Interesting question because when I described my hot flushes to the menopause nurse at the specialist clinic, she said, no, mine weren't hot flushes at all!
Regardless, my experience was three months after I turned 51, my periods stopped suddenly (after being perfectly regular for months) and I began to get sudden feelings of unbearable overheating. I'd take off clothes, used numerous fans and would run outside to sit in the cool and hopefully I'd have been quick enough, cooling myself to avert the full force of the flush, which would leave me dripping wet, literally wet through my clothes, needing to change all my clothes, but I had no redness.
Sometimes I would spend miserable days both too hot and too cold at the same time, both sensations screaming at me to act now in opposing directions, so I'd shiver and sweat and I'd be reminded of how opiate withdrawal feels, completely unable to reach anything approaching a comfortable way to live.
It would come on with any stimulation. Talking to another person would make my system overheat, as would doing housework or hitting a small problem in work.
It also came on with no stimulation at all, random flashes of heat, sweating, but the menopause nurse said a hot flush isn't like all that!
She said a hot flush is a redness slowly creeping upwards over your chest and then face. I never had anything like that happen, no redness, no creeping, only heat, cold, sweating and shivering, sometimes cycling wildly back and forth over the space of a few minutes, going on for hours.

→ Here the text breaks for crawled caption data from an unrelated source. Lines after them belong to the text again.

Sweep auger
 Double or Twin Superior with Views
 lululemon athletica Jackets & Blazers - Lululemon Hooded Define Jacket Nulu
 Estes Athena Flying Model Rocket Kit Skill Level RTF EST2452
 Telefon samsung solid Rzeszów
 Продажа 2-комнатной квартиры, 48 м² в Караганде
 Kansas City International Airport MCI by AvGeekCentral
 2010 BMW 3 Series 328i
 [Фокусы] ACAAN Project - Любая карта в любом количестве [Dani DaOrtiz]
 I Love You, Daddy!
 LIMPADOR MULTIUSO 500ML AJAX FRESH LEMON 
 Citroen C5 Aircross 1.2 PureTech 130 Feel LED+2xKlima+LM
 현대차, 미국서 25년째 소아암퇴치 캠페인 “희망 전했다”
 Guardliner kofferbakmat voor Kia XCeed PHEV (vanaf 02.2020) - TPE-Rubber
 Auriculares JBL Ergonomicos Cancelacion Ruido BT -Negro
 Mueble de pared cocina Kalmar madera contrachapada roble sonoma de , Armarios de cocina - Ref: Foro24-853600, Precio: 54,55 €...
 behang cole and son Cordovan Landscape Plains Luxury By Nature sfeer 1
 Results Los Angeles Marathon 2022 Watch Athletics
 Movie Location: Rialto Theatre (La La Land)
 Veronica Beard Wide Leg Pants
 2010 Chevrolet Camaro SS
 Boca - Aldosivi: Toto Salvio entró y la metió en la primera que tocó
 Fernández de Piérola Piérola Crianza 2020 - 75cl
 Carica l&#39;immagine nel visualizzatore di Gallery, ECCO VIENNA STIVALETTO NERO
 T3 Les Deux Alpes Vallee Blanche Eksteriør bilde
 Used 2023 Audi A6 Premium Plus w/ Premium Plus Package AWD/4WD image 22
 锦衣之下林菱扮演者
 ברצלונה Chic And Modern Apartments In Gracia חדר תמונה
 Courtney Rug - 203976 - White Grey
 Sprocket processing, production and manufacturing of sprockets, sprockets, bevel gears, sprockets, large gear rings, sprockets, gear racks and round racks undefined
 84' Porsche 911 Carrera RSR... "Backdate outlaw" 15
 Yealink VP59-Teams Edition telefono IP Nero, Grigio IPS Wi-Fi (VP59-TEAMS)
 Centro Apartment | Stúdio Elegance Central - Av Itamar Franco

I'm 55 now and as I don't like any of the progestins I've been allowed so far, I take tibolone, which isn't HRT, but it does replace some hormones so I don't care what they call it!
Tibolone works for me, not even any night sweats these days and I previously had to sleep wrapped in four towels that I would throw out of the bed as each became soaked. Electrolyte imbalances were fairly inevitable with that amount of potential for dehydration too.
I had tried evorel patches to start, then estradot patches (twice as effective), then Oestrogel, which easily felt ten times stronger per dose than either patch and it seemed that oestrogel might work, it cheered me up, but it didn't stop the flushes. I have a diagnosed condition that makes my skin significantly different. For example in allergy testing at the hospital, the consultant said the skin tests were void because my skin didn't act properly with the control.
It would be no surprise to me if I wasn't absorbing it, tibolone comes as a tablet, one a day in a "days of the week" pack, very like the pill. That, I can absorb.